Planning Permission Boost: Overseas Talent Plan
Labour shortages threaten Ireland’s housing targets—government acts with updated plan tapping global skills.
Ireland’s Department of Further and Higher Education, Research, Innovation and Science released the planning permission-linked Updated Careers in Construction Action Plan. Launched 27 January 2026 by Ministers James Lawless and Marian Harkin at the Royal Institute of Architects of Ireland, it expands from 20 to 36 actions. This addresses workforce gaps for housing, climate, and infrastructure under Delivering Homes, Building Communities 2025-2030, Climate Action Plan, and National Development Plan.

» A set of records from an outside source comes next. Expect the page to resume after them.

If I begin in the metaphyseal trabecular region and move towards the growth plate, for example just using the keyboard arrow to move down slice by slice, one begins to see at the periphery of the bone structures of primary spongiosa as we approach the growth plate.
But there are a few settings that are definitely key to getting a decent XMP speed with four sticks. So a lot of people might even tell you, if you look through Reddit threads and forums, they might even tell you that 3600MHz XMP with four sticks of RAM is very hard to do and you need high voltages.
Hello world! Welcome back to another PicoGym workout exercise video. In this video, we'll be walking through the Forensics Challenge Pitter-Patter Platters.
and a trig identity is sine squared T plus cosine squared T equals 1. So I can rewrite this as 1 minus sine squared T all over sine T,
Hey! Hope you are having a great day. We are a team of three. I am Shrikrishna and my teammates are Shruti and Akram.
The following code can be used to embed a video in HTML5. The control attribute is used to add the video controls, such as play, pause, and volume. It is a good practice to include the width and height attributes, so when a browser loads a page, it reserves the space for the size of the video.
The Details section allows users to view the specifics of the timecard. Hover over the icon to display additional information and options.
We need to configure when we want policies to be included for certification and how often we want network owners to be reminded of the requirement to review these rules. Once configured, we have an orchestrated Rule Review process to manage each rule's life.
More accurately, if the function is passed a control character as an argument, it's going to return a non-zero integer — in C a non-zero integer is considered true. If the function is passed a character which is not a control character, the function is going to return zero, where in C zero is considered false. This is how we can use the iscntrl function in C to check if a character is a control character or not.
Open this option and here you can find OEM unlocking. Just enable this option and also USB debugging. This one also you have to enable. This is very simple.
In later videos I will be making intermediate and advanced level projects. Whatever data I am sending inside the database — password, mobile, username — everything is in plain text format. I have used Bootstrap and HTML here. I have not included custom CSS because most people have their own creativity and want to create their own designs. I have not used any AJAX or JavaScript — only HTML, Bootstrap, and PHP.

The plan emphasises flexible skills pathways to speed housing scheme approval processes and construction starts. Key measures include a national iVET construction taster for Transition Year students, Skillnet MMC Accelerate expansion, and onsite skills transfer to offsite modern methods of construction. Online and app-based learning tackles accessibility issues, supporting faster project delivery amid rising demand.
Widening participation targets under-represented groups, vital for An Bord Pleanála decision timelines on large developments. Initiatives cover gender-inclusive recruitment, women’s mentoring, prison training pilots, Safe Pass with Ukrainian interpretation, EU employment networks, and opportunities for international protection applicants. These smooth labour entry, easing material contravention risks in urgent builds.
Construction Industry Federation praises the update, citing need for 50,000 more workers by 2030 to meet Housing for All and National Development Plan goals. Current shortages inflate costs and delay timelines; the plan mitigates via upskilling and overseas recruitment, especially Critical Skills and General Employment Permits in BIM, off-site manufacturing, and green retrofits.
Firms should review talent pipelines from EU/EEA, South Africa, and Philippines—recent key sources—ahead of 1 March 2026 salary threshold changes. Quarterly monitoring ensures delivery of all 36 actions, building on 2023 plan progress with new research and Programme for Government alignment. This bolsters workforce for flood-risk development and environmental impact assessments tied to housing pushes.
The initiative signals rising demand for specialised permits, aiding planning permission efficiency. Minister Lawless highlighted cross-sector collaboration for recruitment, training, and retention. Construction output faces 4% growth in 2026, but residential completions lag demand despite €5.2 billion Budget 2026 housing funds.
- 36 actions, up 80% from original plan.
- New prison and applicant training programmes.
- Skills focus on MMC and green specialisms.
- Targeted global recruitment pathways.
- Gender balance and outreach events.
These steps position Ireland to convert more planning permission grants into homes, countering viability issues, infrastructure gaps, and labour pressures. The plan’s flexible framework adapts to emerging challenges, ensuring sustained delivery.